Wednesday, October 17, 2012

Screw Top versus Cork

No one questions that screw top wine closures are handy, particularly when you're at a picnic and forgot to pack a corkscrew. But many wine drinkers do not take them seriously, and I have heard sommeliers (who should know better) claim that wines in screw top bottles are not serious or capable of aging. Stuart Blackwell, senior winemaker at St. Hallett's Barossa winery, takes exception with this view and is very happy that all of his wines--even the highly regarded Old Block Shiraz--are now protected by screw tops.

Blackwell pointed out that 24 percent of the bottles of his excellent 1991 Old Block Shiraz were tainted by bad corks--a very distressing situation for the winemaker as well as the consumer. Most wine drinkers recognize the damp cardboard smell and off flavors of a badly corked wine, but the signs in many corked wines are not that obvious. Some have a vague woody quality; others merely smell and taste stunted, failing to show their expected aromas and flavors. Reputable merchants and wineries will, of course, replace corked bottles, and the problem was so bad in 1991 that Blackwell had to hold back about a third of his production back in order to provide replacement bottles to his customers. He's still searching for bottles, in fact, and buys back bottles whenever he can find them at auction.

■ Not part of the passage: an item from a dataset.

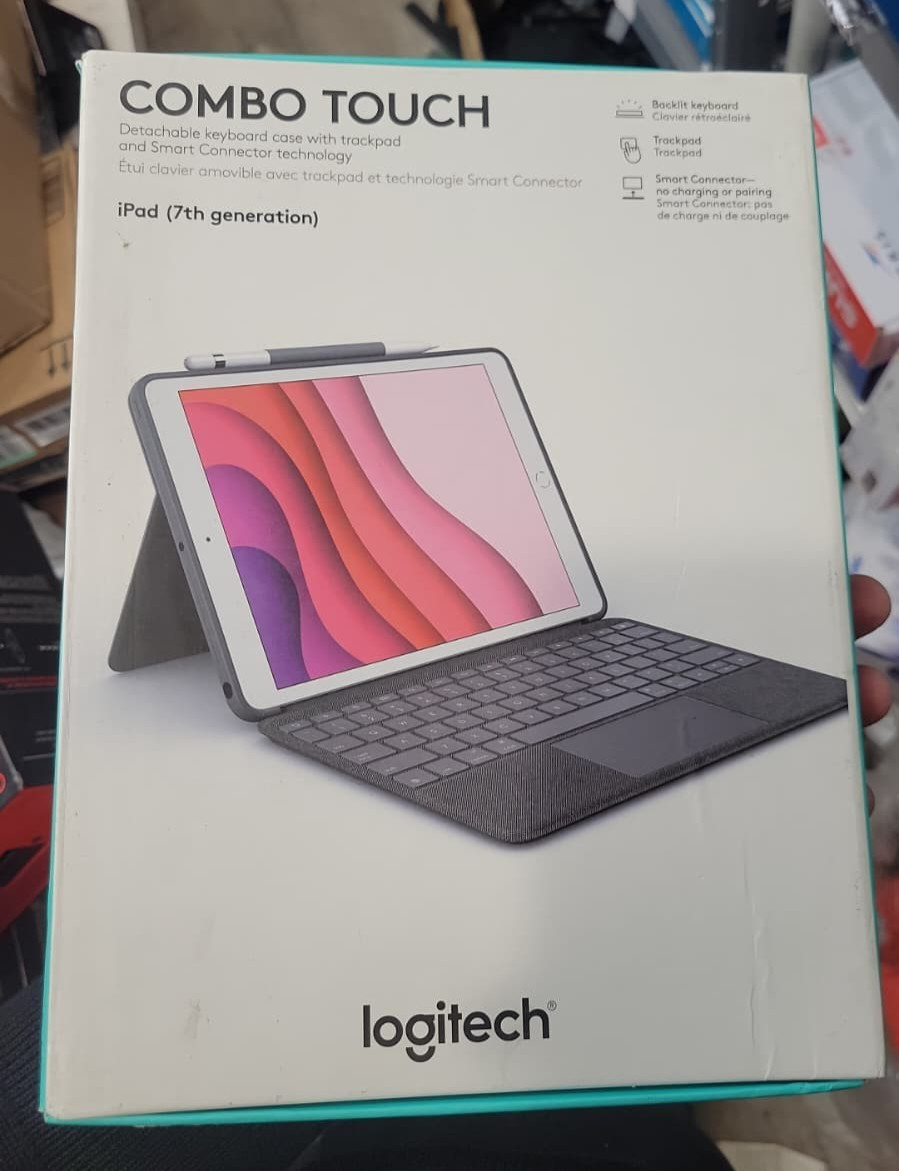 Logitech Combo Touch for iPad (7th, 8th and 9th generation) Open Box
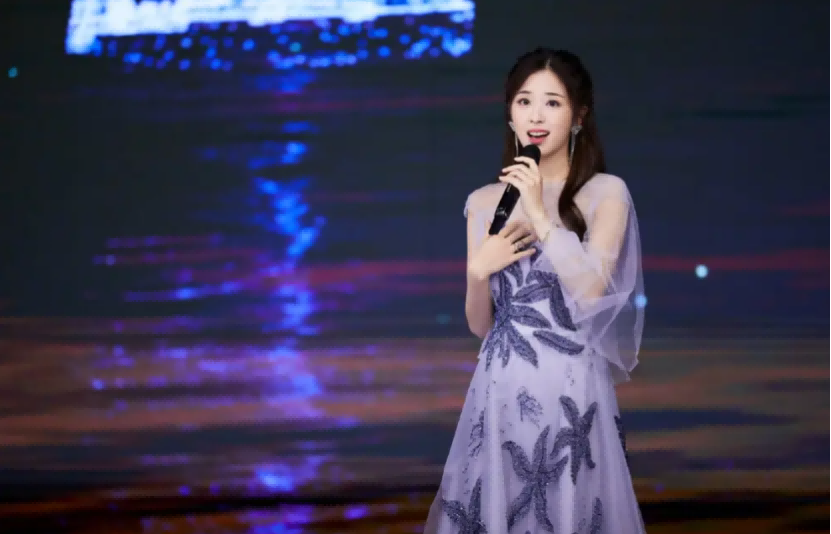 娃娃脸我只服这12位明星！有人30岁还能演高中生，个个青春永驻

The advantage of the screw top closure, according to Blackwell, is not just to protect the wine from bad cork smells and flavors but to allow the winemaker more control over the finished product. Good wine always involves an interaction with a small amount of oxygen that is in the space between the wine and the cork or fights it way through the cork, Blackwell said. (The matter of air getting through the cork is a controversial matter, by the way.) In a screw top, no air gets through so Blackwell adds more oxygen to each bottle, and the result is a wine that shows better when it's young but is still capable of aging. He's been using screw tops long enough to be confident of the long-term as well as the short-term results.